We would all sing songs about Auld Lang Syne and balls of holly, and we just knew that we were singing about “happy balls.” Good family fun for those with and without balls alike, because let’s face it, we didn’t even know who, or what the fuck an Auld Lang Syne was, but we all knew the comedic value of happy balls.
We didn’t care. We were all together, bonded by blood alcohol levels and our inbred hatred of the Packers, all still sort of feeding from the same historical cosmic trough of familial scraps, begging for the blessings of loose meat-ends our whole lives.
Those were the days when slipping LSD into the thrice-spiked eggnog was considered a hospitable start to the designated driver’s evening. When chopping down our own Christmas tree seemed less like a senseless bludgeoning of sacred vegetation, but a sacrificial monument for Santa Jesus’s need to be dragged to the curb, or tossed from a second story window, left for dead once the great white god of knowing you’ve had your eye on that little red number for months has been appeased. Before gloopsticked pets, gerrymandering sandwiches and microwavable butter.
The days when workplace discrimination against lazy, ungrateful elves who forgot their place was not only encouraged, but always remedied by tax cuts and the kind of right to work laws that once built our traditional Christmas dreams and retail institutions from the ground up, with imported steel beams and shatter-resistant ceilings.
Not so long ago when mocked and alienated reindeer with physical deformities could be counted on to, at the very least, perform miracles while leading a sleigh being driven by Jolly Saint Mississippi Slaver Santa. Heh, heh. It’s called, “keep up, not catch up,” Rudolph!
I’m pretty sure those days actually existed before this holiday season, the days before Right wing media’s militant surge in the war on Christmas, that is.
War-face never looked so “who-farted?”
A once mighty and mostly unified front, courtly and discreet atop its superior podium in the Parthenon of inferior deities and their Third World animal-worshiping holidays– now reduced to a seasonal grievance ritual for the overindulged meritocracy class acting out their White Santa abandonment issues.
A great American holiday season of gift-bearing, slightly-liquored up kindness and pothead forgiveness couldn’t remember its birth control and rape whistle forever, so a new holiday season baby gestates in the bellies of Ignorance and Want– not to be confused with their poorly focus-grouped GOP counterparts, “Uppity and Mooch.” A holiday season born of immaculate perception from the ashes of human ovens and 80s blooper reels, where all ye faithful gather around to be tied to the chair you’re sitting in when the country music stops and merrily doused with gasoline by the before and after versions of the Duck Dynasty people.
I long for the days of Auld Lang Syne, whomever, or wherever that may be.
Maybe this all started when the Freedom From Tomorrows and Revisionist History Act was signed by American history’s jolliest and most forgetful president, Ronald Reagan.
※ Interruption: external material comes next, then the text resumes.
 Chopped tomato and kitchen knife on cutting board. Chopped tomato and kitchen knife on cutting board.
Bam! Pow! Or maybe it was when we all simultaneously realized that the NSA was out there, right now, in a van parked outside your inbox, listening to everything we say and do! I can’t remember exactly. But you can’t silence me, NSA! You can’t silence me, Obummer. It says so on my empty bottles of prescription red pills.
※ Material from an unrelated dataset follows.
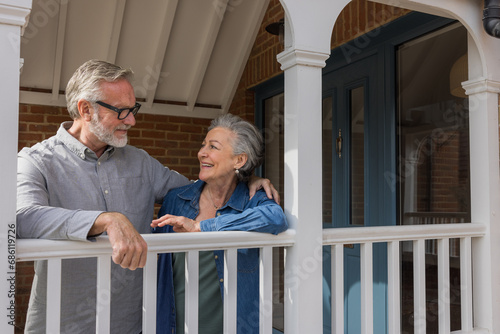 Happy senior couple standing in porch smiling together photo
Like all seasons we enter anew, tis now the season of giving– of Brother & Sisterwifehood; Corporatehood, Fetushood, Lizardhood– after taxes.
But someday soon, perhaps after all these acquaintances have been forgotten and never again brought to mind, we can take a cup of kindness yet, and piss especially thrice-spiked eggnog into the freshly fallen snow of their memory.
Signed, “for old times’ sake, fuckers!”
In cursive. Because we’re better than the animals.